A Collection of "National Significance"


An assessment of the importance of the LMI collection by Professor Wallace Kirsop


I was first introduced to the LMI collection by Phil Leonard in February 1973. At the time I marvelled at the fiction. I am glad that it has been properly recognized as an indispensable national resource. Since 1973 I have had a good deal to do with mechanics' institute libraries, not least through my role in Mechanics' Institutes of Victoria Inc.
 
1. The Launceston Mechanics' Institute collection, despite all its vicissitudes, is clearly the most substantial one to have survived in a regional centre from before 1850. Indeed Adelaide is the only other one of comparable longevity and it is, of course, metropolitan. Ballarat and to a lesser extent Bendigo offer collections of impressive scope begun in the second half of the nineteenth century. Consequently Launceston has claims to be unique, and its collection is vital in my view to the heritage of the whole country. After all we have lost the holdings of older institutes in Hobart, Sydney and Melbourne, not to mention Geelong. In short Launceston is a special case of national significance. 
2. If -- and it is an eventuality I view with dismay -- the non-fiction part of the Launceston collection is discarded, every item should be examined and recorded for evidence of provenance (London and colonial booksellers, earlier local collections -- public and private -- etc.). The work is of such potential importance that I am prepared to volunteer to help in it.

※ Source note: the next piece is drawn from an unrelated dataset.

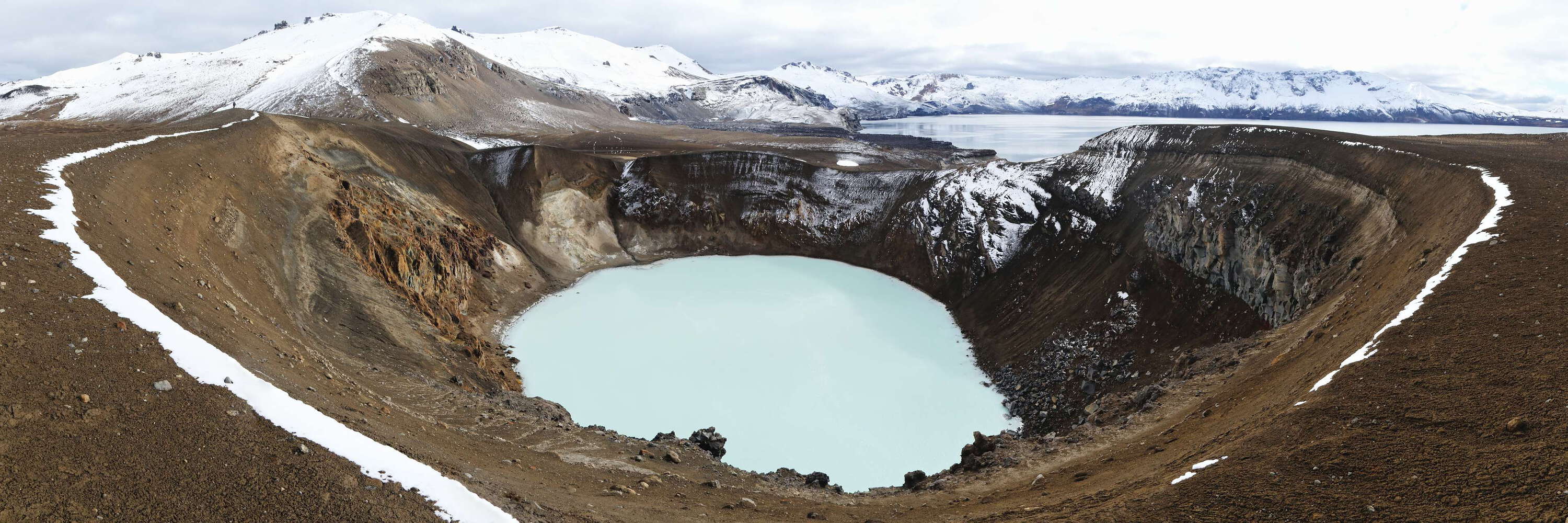 Askja represents a volcanic system with nested calderas north of Vatnajökull. A major eruption in 1875 resulted in the formation a huge caldera which was later filled by lake Öskjuvatn (right background), 11 square kilometres large and more than 200 m deep. The small geothermal lake Víti (in the foreground) fills an explosion crater that goes back to the same eruption. It has a temperature of 20-30 degrees Centigrade. The main crest of the mountain range Dyngjufjöll (1510 m) appears in the very background. WI_is162.jpg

Wallace Kirsop: Adjunct Professor in the School of Languages, Cultures and Linguistics, Monash University; Honorary Fellow, Baillieu Library, University of Melbourne; Editor of the Australian Journal of French Studies, 1968-2002; first President of the Bibliographical Society of Australia and New Zealand, 1969-1973; sometime Sandars Reader in Bibliography, University of Cambridge, 1980-1981.